Lucina Uddin, Ph.D., assistant professor in the Department of Psychology at the University of Miami, who was not part of the research team, said, "The combination of multiple neuroimaging modalities is a clear strength of the current study, and the authors are to be commended for undertaking the difficult task of trying to reconcile results from methods designed to tap different aspects of brain structure and function.
Although the classification results are promising, application to new and larger datasets will be critical for testing how well the classifier built here deals with new cases. In addition, it will be interesting to see whether data collected from much younger children can be classified using this method, as the disorder typically emerges in the first few years of life."
Specific significant findings in the Libero et al. Cortex paper include:
- Increased cortical thickness in ASD participants, compared to controls, across the left cingulate, left pars opercularis of the inferior frontal gyrus, left inferior temporal cortex and the right precuneus;
- Reduced cortical thickness in the right cuneus and right precentral gyrus;
- Reduced white matter connectivity (as measured by reduced fractional anisotropy and increased radial diffusivity) for two discrete clusters on the forceps minor of the corpus callosum; and
- Reduction in N-acetylaspartate in the dorsal anterior cingulate cortex.
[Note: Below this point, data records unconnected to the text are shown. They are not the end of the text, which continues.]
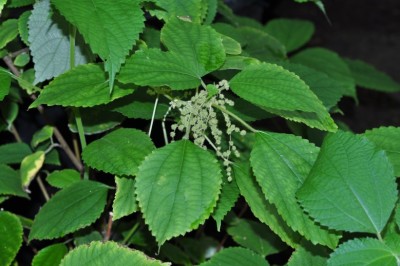 Cây dược liệu cây Ðay suối, Me đỏ, Me sót, Gai Bắc bộ - Boehmeria tonkinensis Gagnep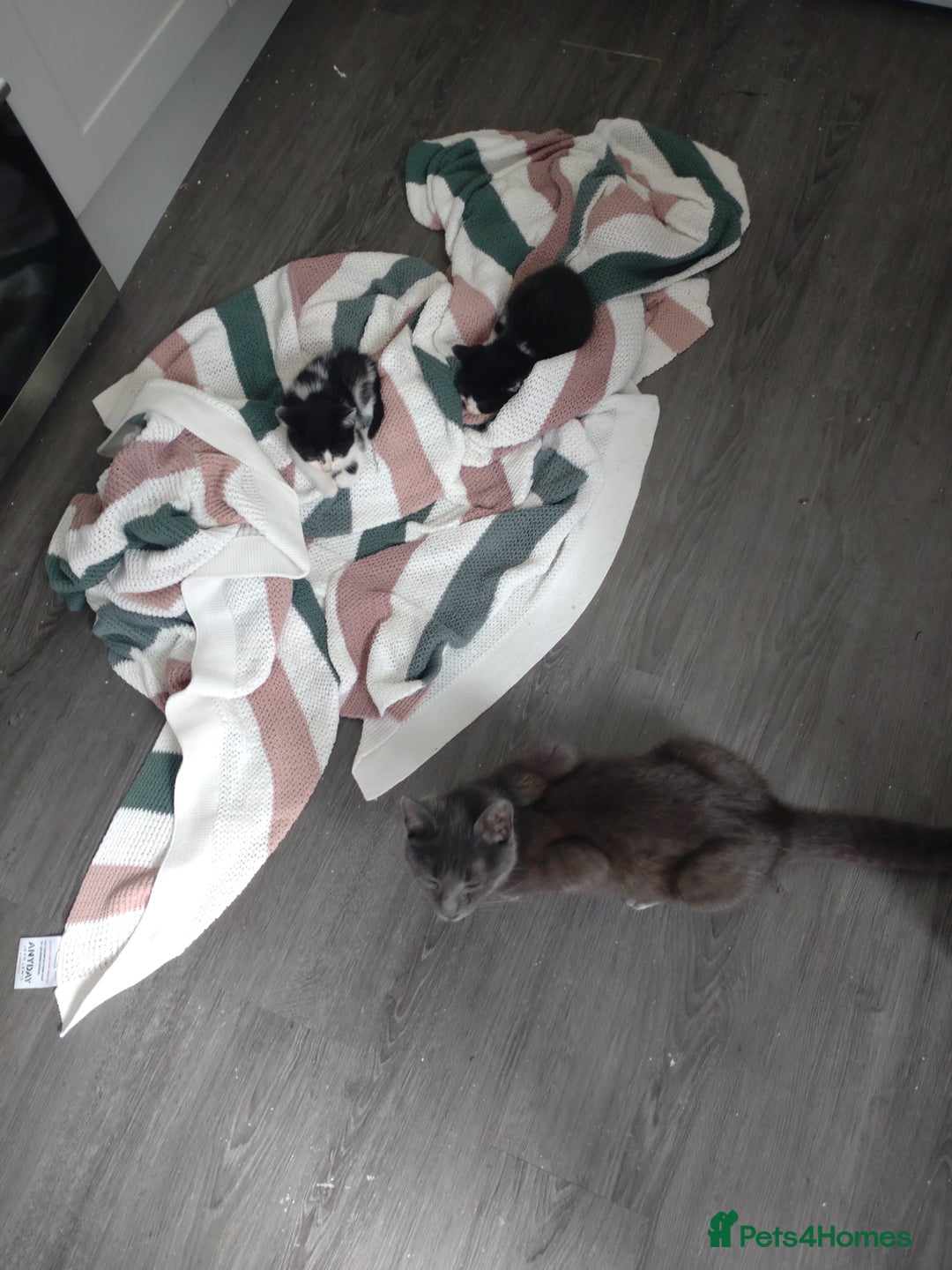 Mixed Breed cats for sale: Kittens - Image 2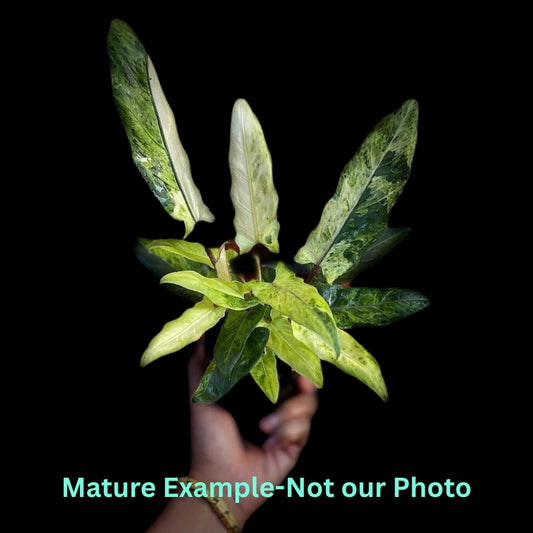 Alocasia Lauterbachiana Var (9cm Pot) - Pre Order JU67
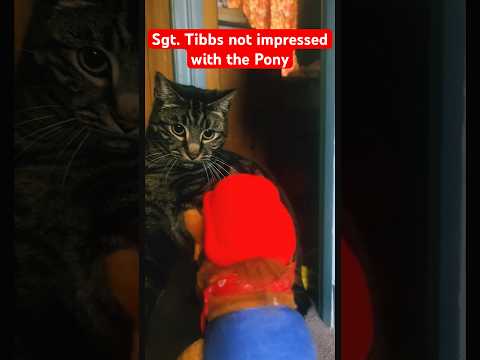 Sgt Tibbs Appears Confused At The New Character Entering His Domain Catshorts Catlovers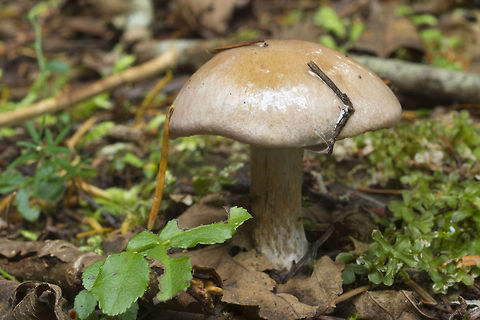 Slimy spike cap  Fall,Geotagged,Gomphidius glutinosus,United States,gomphidius glutinosus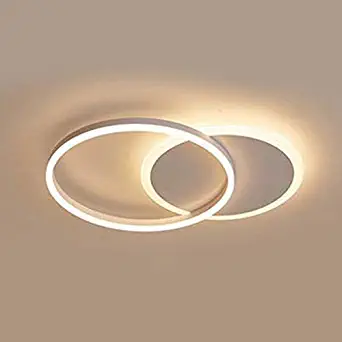 LITFAD Thin Ring LED Flush Ceiling Light Simplicity Acrylic 2 Heads Flush Light in Integrated LED Modern Ceiling Lamp 110V-120V 3000K Pandent Light for Dinning Room Bedroom Living Room -Warm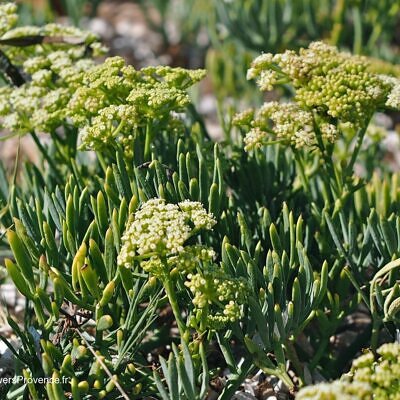 Crithmum maritimum - Funcho do Mar, Erva do Mar, Samphire, Perrexil do Mar
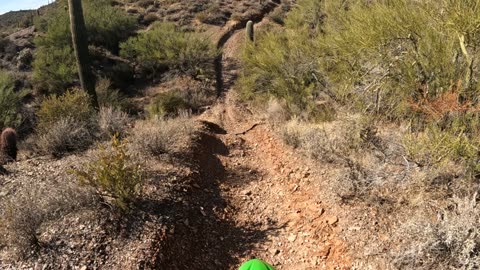 Monkeybutt_adv singletrack motorcycle ride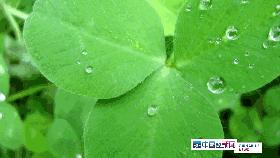 记者体验华林电疗,记者暗查养生会所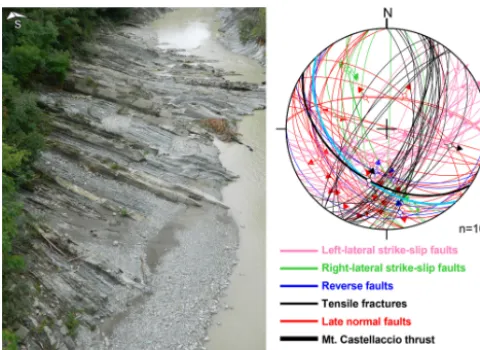 Figure 2. Outcrop view of the studied MAF layers along the banksof the Santerno stream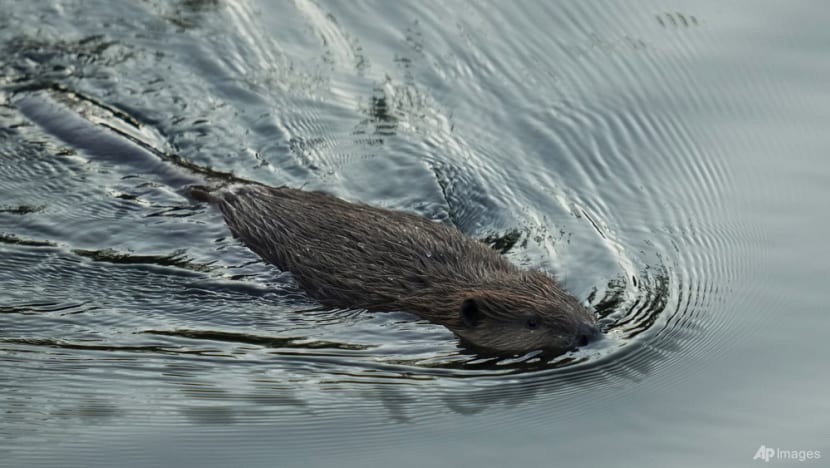 California aims to tap beavers, once viewed as a nuisance, to help with water issues and wildfires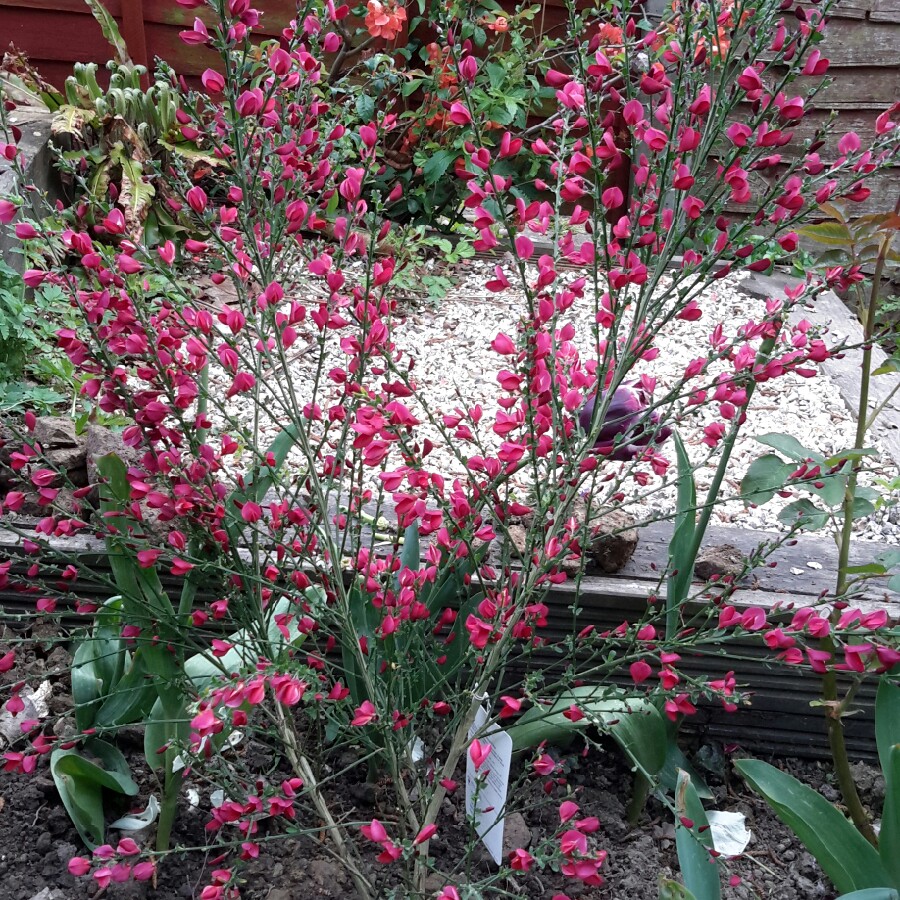 Cytisus x boskoopii 'Boskoop Ruby' syn. Cytisus 'Boskoop Ruby'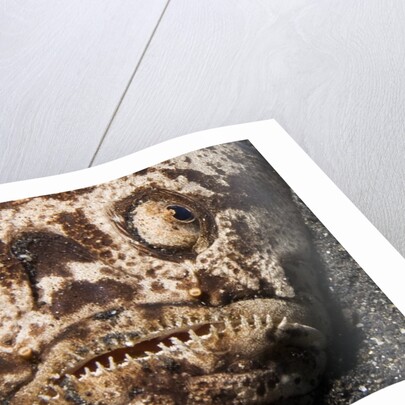 Whitemargin Stargazer buried in sand in ambush by Anonymous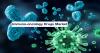 Photo for Immuno-oncology Drugs Market - Forecast till 2025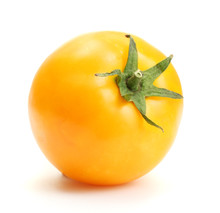 Yellow Tomato Isolated On White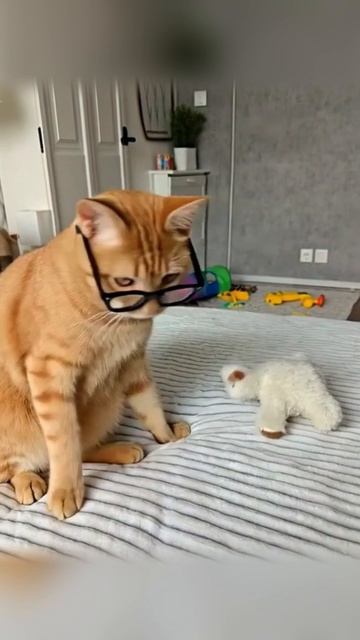 Кот Феня в Очках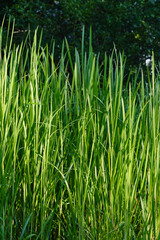 Green grass in the morning. Selective focus
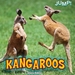 Kangaroos
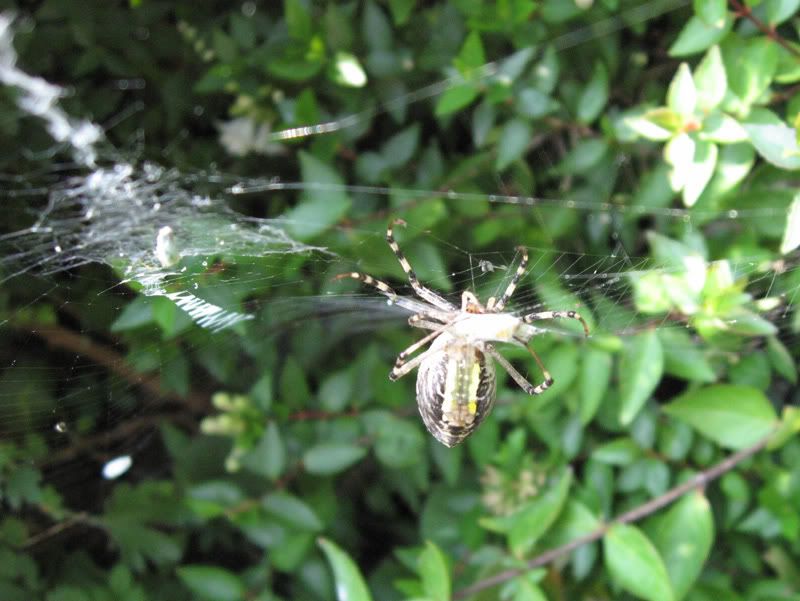 IMG_8842_Argiope.jpg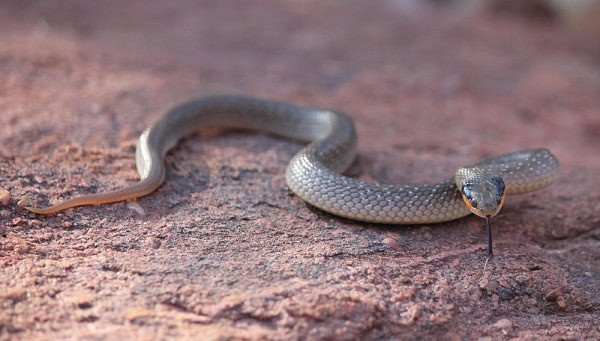 Crotaphopeltis hotamboeia red lipped snake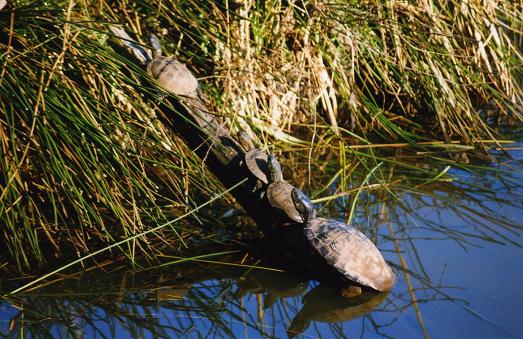 Réserve naturelle du marais d'Orx, Labenne (40)
La tortue de Floride est une espèce invasive en France et sa prolifération dans nos zones humides menace aujourd'hui les tortues autochtones comme la Cistude.

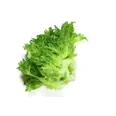 SALAT CRISPI KUTTET 1KG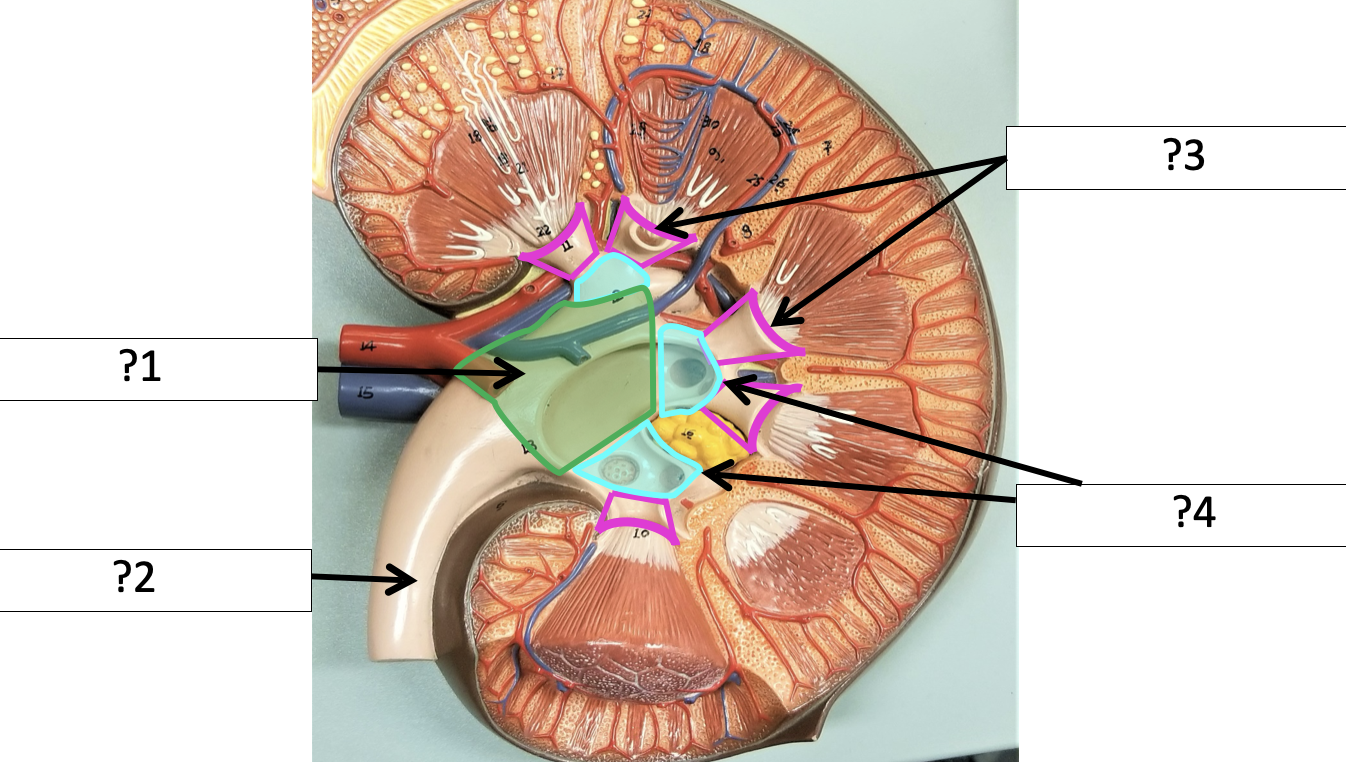 <p>1 Name the structure?</p>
Just three of these significant differences — radial diffusivity in the right forceps minor, cortical thickness in the left pars opercularis and fractional anisotropy in the left forceps minor —yielded the best decision tree for distinguishing ASD participants from controls.
Kana and colleagues also built a decision tree with five of the significant findings that sorted ASD participants by disease severity.
The other authors of the paper are Thomas Deramus, graduate student in the UAB Department of Psychology; Adrienne Lahti, M.D., the Patrick H. Linton Professor in the UAB Department of Psychiatry and director of UAB's Division of Behavioral Neurobiology; and Gopikrishna Deshpande, Ph.D., assistant professor in the Auburn University Department of Electrical and Computer Engineering.
ASD is a complex disorder of brain development. ASD patients show a triad of impairments: impaired social interaction with others, impaired verbal and nonverbal communication, and impaired play and imaginative activities.